Morning quake leaves many shaken
A 5.5 magnitude earthquake jolted the people of Bihar on Wednesday morning, just when they were settling down for work, however, there were no reports of any deaths, injuries or destruction from any part of the state.
- Published 13.09.18
Patna: A 5.5 magnitude earthquake jolted the people of Bihar on Wednesday morning, just when they were settling down for work, however, there were no reports of any deaths, injuries or destruction from any part of the state.
The earthquake struck at 10.20am and the tremors lasted for around 20 seconds shaking Assam, Bengal, Bihar, Bangladesh, Bhutan, Arunachal Pradesh, Nagaland, Mizoram, Manipur and Meghalaya.
Patna-based India Meteorological Department (IMD) scientist Anand Shankar said: "The epicentre of the quake was at Sapatgram in Kokrajhar district in Assam. It originated at a depth of around 13km. At 5.5 magnitude it was a normal earthquake, which doesn't cause damage."
"We have not received any reports about deaths or injuries due to the quake. No district has reported any damage due to the tremors," a state disaster management department official said.
People in almost all districts in Bihar felt the jolts, though those living in eastern districts such as Kishanganj, Purnea, Katihar, Araria, Saharsa, Supaul, Madhepura, Khagaria, Begusarai, Samastipur, Muzaffarpur, Sitamarhi, Bhagalpur, Munger, Patna, Jehanabad, Arwal and Bhojpur complained about powerful shocks enough to unnerve them.
Those in Patna, who felt the ground shake under their feet panicked and ran out of their offices and homes.
"I had just sat down on my chair to start the day's work, when it started shaking. I saw the water in my bottle on my desk tremble. Others too became alert and then somebody screamed that it was an earthquake.

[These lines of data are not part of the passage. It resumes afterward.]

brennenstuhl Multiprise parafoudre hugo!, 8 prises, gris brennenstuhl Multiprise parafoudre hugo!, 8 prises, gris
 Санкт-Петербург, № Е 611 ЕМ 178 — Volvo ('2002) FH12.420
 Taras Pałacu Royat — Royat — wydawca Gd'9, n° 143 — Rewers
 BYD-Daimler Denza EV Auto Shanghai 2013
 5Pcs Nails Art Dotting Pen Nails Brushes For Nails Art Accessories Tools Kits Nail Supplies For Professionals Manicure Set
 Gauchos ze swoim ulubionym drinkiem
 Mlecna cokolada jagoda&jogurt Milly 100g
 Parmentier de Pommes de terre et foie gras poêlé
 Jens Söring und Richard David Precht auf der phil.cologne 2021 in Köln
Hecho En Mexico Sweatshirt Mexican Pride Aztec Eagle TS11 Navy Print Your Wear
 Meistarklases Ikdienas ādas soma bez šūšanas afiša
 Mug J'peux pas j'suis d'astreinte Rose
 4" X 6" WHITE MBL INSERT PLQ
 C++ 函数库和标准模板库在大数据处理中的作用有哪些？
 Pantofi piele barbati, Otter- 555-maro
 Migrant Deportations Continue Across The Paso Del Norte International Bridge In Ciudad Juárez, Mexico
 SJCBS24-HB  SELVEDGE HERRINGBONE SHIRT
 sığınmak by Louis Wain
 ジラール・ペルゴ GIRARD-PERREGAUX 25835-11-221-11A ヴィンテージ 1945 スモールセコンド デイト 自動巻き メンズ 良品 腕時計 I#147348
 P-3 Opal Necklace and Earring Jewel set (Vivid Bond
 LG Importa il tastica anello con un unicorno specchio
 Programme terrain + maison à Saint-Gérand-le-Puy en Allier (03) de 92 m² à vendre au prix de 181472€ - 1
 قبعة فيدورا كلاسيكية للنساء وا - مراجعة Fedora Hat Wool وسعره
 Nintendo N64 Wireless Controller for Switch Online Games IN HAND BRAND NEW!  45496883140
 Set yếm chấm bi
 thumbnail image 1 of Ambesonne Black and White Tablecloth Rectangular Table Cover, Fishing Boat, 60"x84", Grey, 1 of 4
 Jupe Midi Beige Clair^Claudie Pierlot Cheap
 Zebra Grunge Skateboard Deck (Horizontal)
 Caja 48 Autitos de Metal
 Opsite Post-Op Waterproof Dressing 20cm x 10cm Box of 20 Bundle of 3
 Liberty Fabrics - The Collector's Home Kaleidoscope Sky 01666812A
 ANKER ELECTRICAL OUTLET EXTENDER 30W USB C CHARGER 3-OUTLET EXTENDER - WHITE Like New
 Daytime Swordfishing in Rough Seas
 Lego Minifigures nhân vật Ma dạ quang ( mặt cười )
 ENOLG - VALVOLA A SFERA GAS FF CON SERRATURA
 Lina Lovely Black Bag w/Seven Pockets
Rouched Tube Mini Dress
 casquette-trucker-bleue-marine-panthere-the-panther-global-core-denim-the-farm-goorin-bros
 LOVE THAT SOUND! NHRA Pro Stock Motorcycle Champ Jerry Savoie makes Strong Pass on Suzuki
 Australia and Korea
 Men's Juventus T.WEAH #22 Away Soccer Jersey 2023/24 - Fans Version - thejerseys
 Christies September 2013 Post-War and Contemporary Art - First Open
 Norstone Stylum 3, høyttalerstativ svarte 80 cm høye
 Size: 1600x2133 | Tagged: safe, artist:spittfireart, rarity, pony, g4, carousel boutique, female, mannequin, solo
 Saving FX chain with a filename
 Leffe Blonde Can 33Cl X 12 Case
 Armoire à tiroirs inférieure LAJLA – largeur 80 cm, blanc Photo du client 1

We all rushed out of the office," said Sanjay Kumar, an employee with a public sector bank in Patna.
Hundreds of government employees working at Vikas Bhavan and the main secretariat, who had reached their offices on time, scrambled down the staircases to assemble out in the open. The fear factor made the people remain outside for almost half-an-hour.
"Some of us panicked because of the memories of the devastating earthquake that had hit the region in April 2015. We cannot forget how tremors kept coming for months and we all could not even sleep properly," Siyaram Singh said.
Among those who were at home, some felt the shocks while others did not experience them. Leading to a situation in which they debated whether to flee or not and the moment passed.
The last powerful quake that affected the state was January 4, 2016. It was measured to be of 6.7 magnitude and had led to cracks in many old buildings.